* _WORK REQUIRED_
From the first line to the last, please print the entries exactly, omitting pictures.

---------------

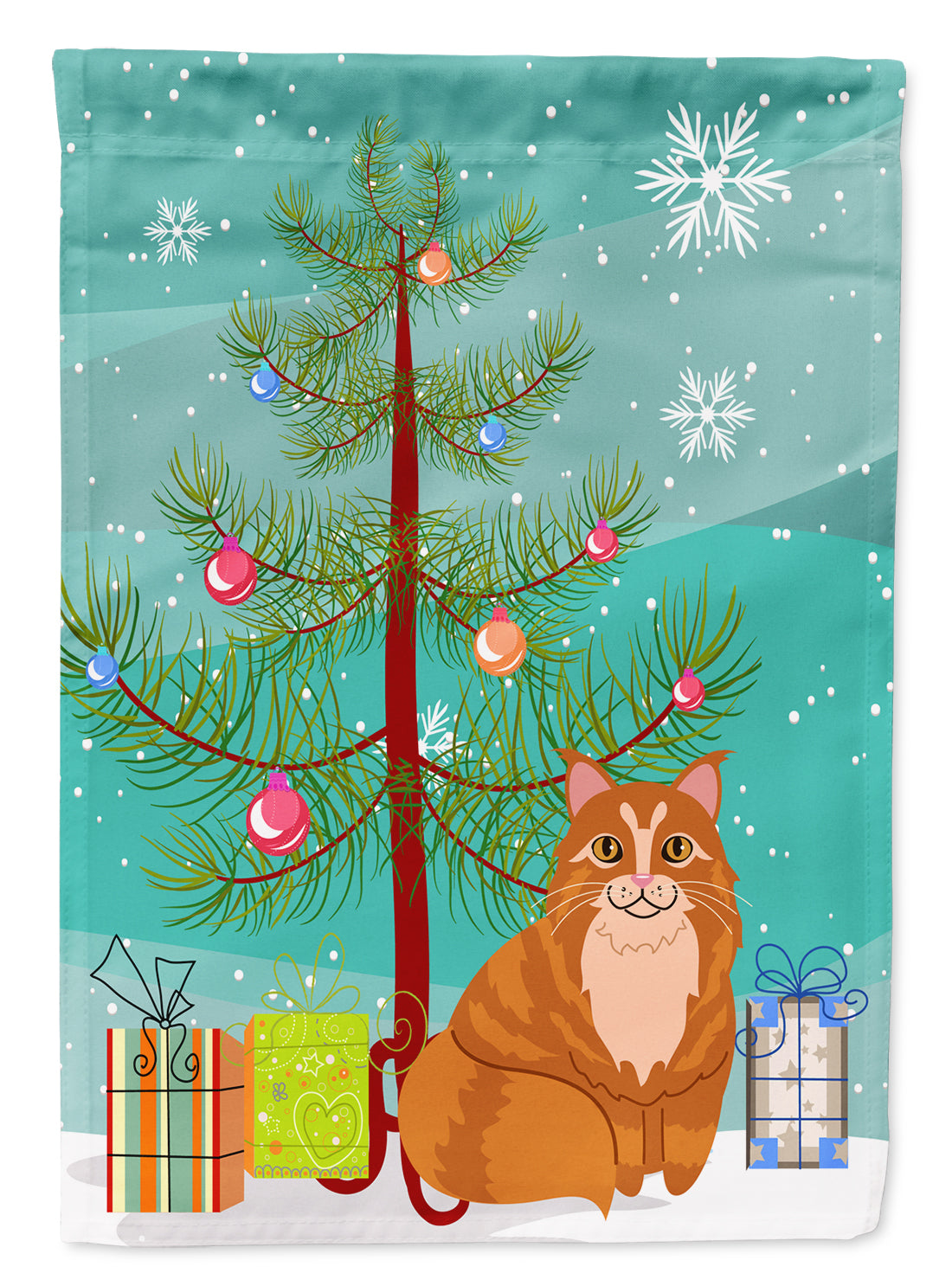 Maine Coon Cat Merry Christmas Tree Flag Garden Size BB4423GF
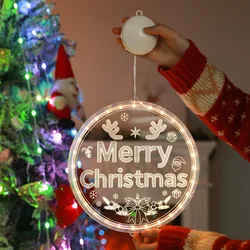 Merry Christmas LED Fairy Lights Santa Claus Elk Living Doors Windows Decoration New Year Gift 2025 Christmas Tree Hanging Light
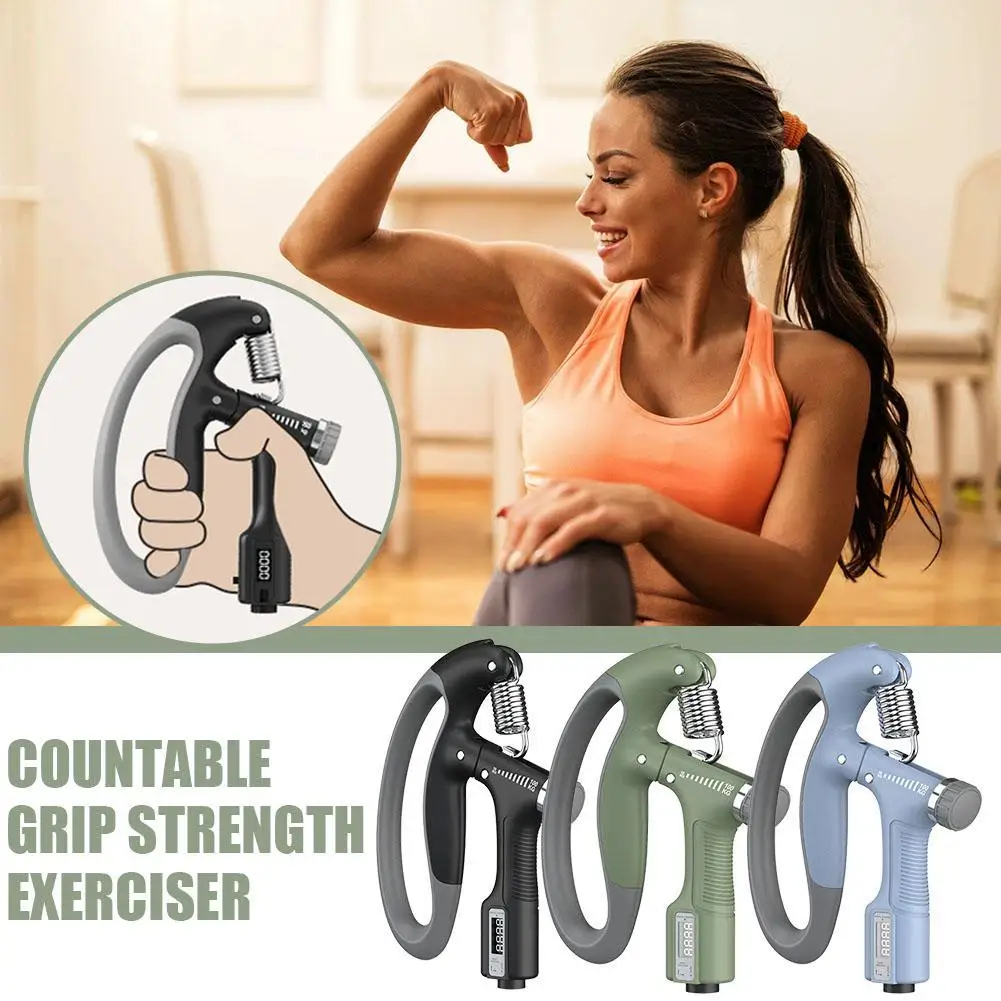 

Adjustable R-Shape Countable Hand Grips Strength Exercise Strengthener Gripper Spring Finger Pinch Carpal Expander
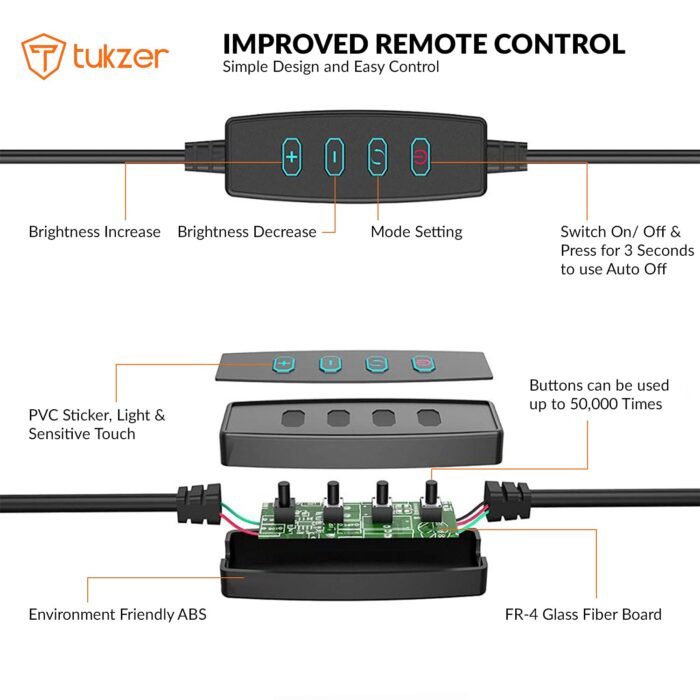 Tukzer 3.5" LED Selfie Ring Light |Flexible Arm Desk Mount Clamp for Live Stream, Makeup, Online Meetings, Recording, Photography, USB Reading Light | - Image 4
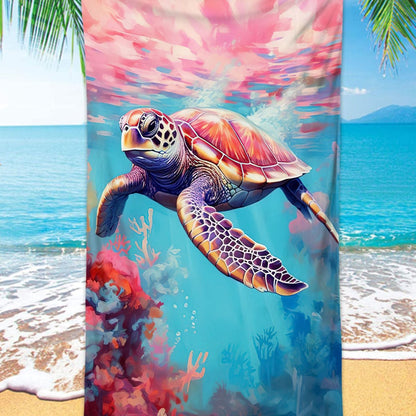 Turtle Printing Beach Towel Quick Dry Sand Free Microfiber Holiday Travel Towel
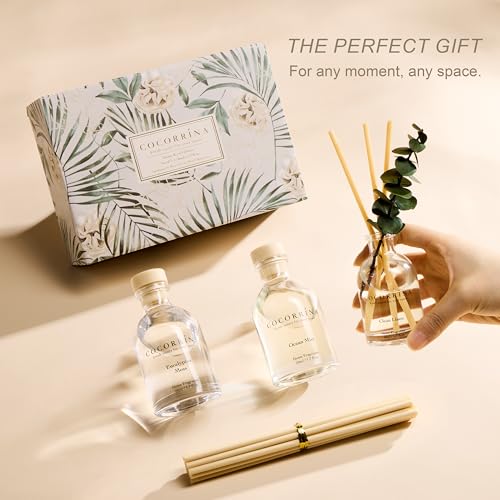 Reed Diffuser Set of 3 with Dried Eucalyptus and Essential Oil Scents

---------------

* _RESULT FOR THIS EXERCISE_
 Maine Coon Cat Merry Christmas Tree Flag Garden Size BB4423GF
 Merry Christmas LED Fairy Lights Santa Claus Elk Living Doors Windows Decoration New Year Gift 2025 Christmas Tree Hanging Light

Adjustable R-Shape Countable Hand Grips Strength Exercise Strengthener Gripper Spring Finger Pinch Carpal Expander
 Tukzer 3.5" LED Selfie Ring Light |Flexible Arm Desk Mount Clamp for Live Stream, Makeup, Online Meetings, Recording, Photography, USB Reading Light | - Image 4
 Turtle Printing Beach Towel Quick Dry Sand Free Microfiber Holiday Travel Towel
 Reed Diffuser Set of 3 with Dried Eucalyptus and Essential Oil Scents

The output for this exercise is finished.